Figure 5. IL-13 induces dysregulation of eicosanoids in vivo.

Figure 5.

(a) RNA-seq analysis of IL-13 (20ng/mL)- or vehicle-treated primary human airway epithelial cells (21-day IL-13/Vehicle treatment, in vitro) and lungs of 6-10 week-old BALB/c mice (4-day, 2.5 μg/day intranasal IL-13/Vehicle treatment, in vivo). Volcano plots of differential gene expression analysis in vitro and in vivo of the effect of IL-13 compared to vehicle. n = epithelia from 8 humans (left); n = lung tissue from 4 mice (right). Selected genes relevant to goblet cell metaplasia are labeled in red. (b) Ingenuity Upstream Regulator Analysis of DEGs in IL-13- or vehicle-treated samples in vitro and in vivo. Predicted upstream regulators are sorted by absolute Z-score.
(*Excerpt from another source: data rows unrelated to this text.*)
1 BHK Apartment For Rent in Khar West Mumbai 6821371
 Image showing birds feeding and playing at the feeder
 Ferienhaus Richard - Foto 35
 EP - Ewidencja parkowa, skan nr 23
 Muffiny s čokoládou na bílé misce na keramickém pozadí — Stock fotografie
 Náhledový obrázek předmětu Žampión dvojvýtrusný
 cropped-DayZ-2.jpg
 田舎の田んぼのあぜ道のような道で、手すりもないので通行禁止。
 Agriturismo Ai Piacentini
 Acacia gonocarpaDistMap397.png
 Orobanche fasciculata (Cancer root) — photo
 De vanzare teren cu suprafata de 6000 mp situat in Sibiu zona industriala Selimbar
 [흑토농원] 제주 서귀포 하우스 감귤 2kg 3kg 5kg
PTGER2 is highlighted as the top predicted regulator activated in vivo but not in vitro. (c) List of top 15 eicosanoids biosynthesis-associated phospholipase genes ranked from highest to lowest magnitude of IL-13 response. (d) Concentrations of prostaglandins in lungs of 8 week-old BALB/c mice treated with IL-13 or vehicle measured by LC-MS/MS calculated according to standard curves and normalized to internal standards (0.1 ng/μL for each I.S.). n = lung sample from 8 mice; mean ± SEM; p value is shown from Student's unpaired t test.